Índice de Capítulo

    Depois de deixar a Academia de Esgrima Krono e retornar para casa, Brett Lloyd passou dias aprendendo tudo o que precisava como herdeiro de sua família. Estudou o cenário político do reino e do continente, revisou sua etiqueta, aprofundou-se na academia como um nobre deveria e analisou o estado da propriedade da família.

    Ao mesmo tempo, sem esquecer sua promessa a Judith, dedicou-se a um treinamento incessante, assim como fazia em Alcantra. Afinal, ela lhe dissera que só deveria procurá-la quando sua espada fosse boa o bastante para impressioná-la e a seu mestre. Caso contrário, ela simplesmente não o veria.

    Basicamente, Brett estava correndo sem parar. Ainda assim, conhecia seus limites. Embora não fosse um gênio, era inteligente o suficiente para dar conta de muitas tarefas. Mas isso não significava que devesse ignorar sua própria saúde e trabalhar sem descanso. Precisava se permitir relaxar física e mentalmente, e foi por isso que estava bebendo em um bar fora do castelo. Afinal, que lugar melhor poderia encontrar para relembrar Judith?

    — Brett.

    Foi então que alguém completamente inesperado apareceu diante dele.

    Ao erguer os olhos, viu cabelos dourados, um rosto bastante bonito, embora não tão belo quanto o seu próprio, e um corpo equilibrado. Piscou, confuso. Seu olhar se desviou para o lado, onde percebeu uma mulher desconhecida, porém de alguma forma familiar, e uma gata feiticeira que conhecia muito bem.
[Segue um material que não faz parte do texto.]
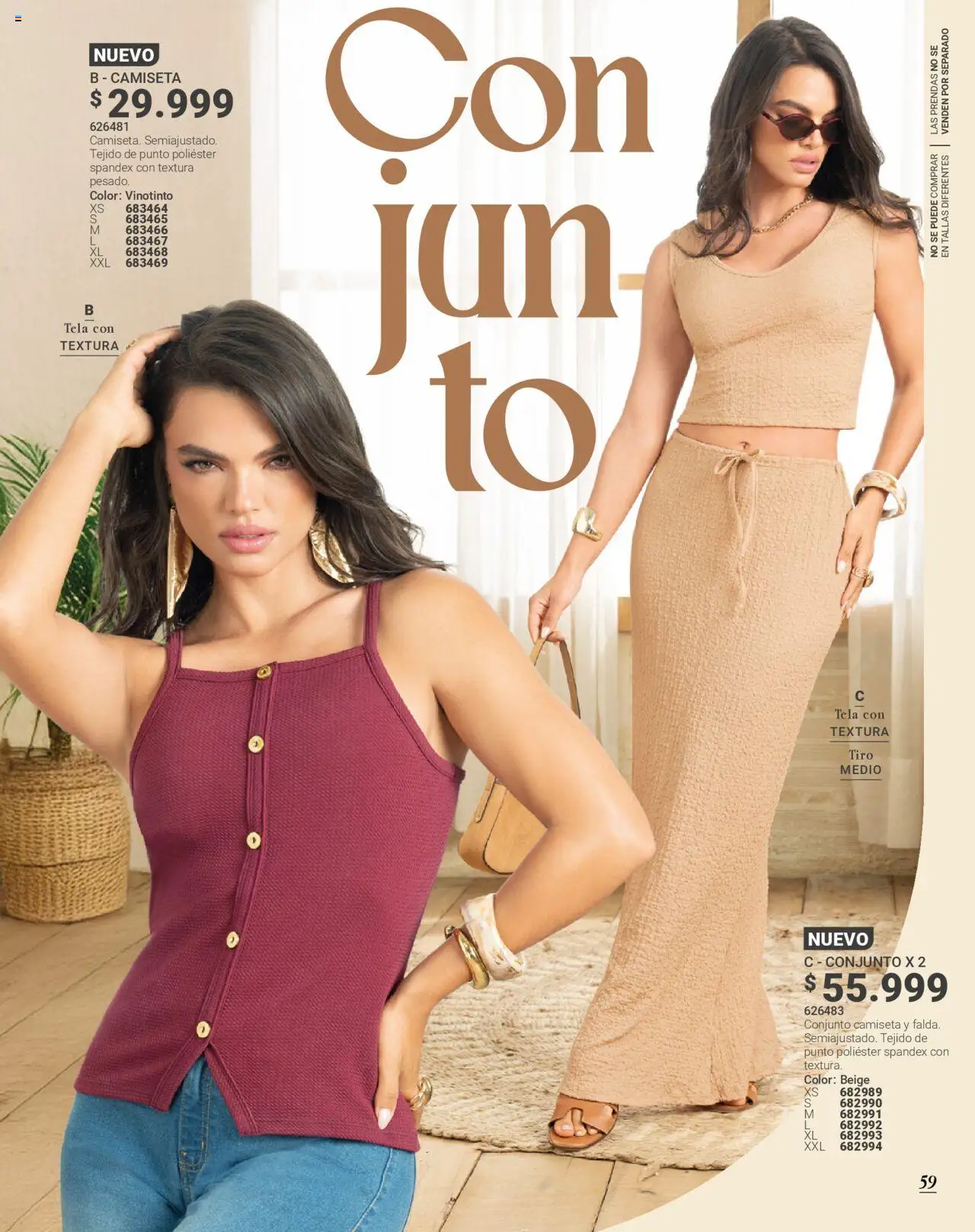 Carmel revista - valida desde el 08.09.2025 | Página: 59 | Productos: Camiseta, Conjunto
    Despertando subitamente, começou a perceber o que estava acontecendo.

    “Não sei por que estão aqui, mas…”

    Antes de mais nada, Brett precisava justificar seu estado atual.

    — Haa… Acho que bebi demais. Não consigo parar de bocejar… Ugh, olhem para mim, lacrimejando — disse, abrindo a boca exageradamente.

    — Mas quem são vocês? O que estão fazendo aqui…?

    — Brett — repetiu Airen.

    — Do que está falando? Acho que você se enganou… — protestou Brett.

    — Eu ouvi você dizer que sentia falta da Judith — disse Airen.

    — Eu também! Você estava bebendo e chorando — intrometeu-se Lulu.

    — Eu, hã… — murmurou Brett, ainda tentando se defender.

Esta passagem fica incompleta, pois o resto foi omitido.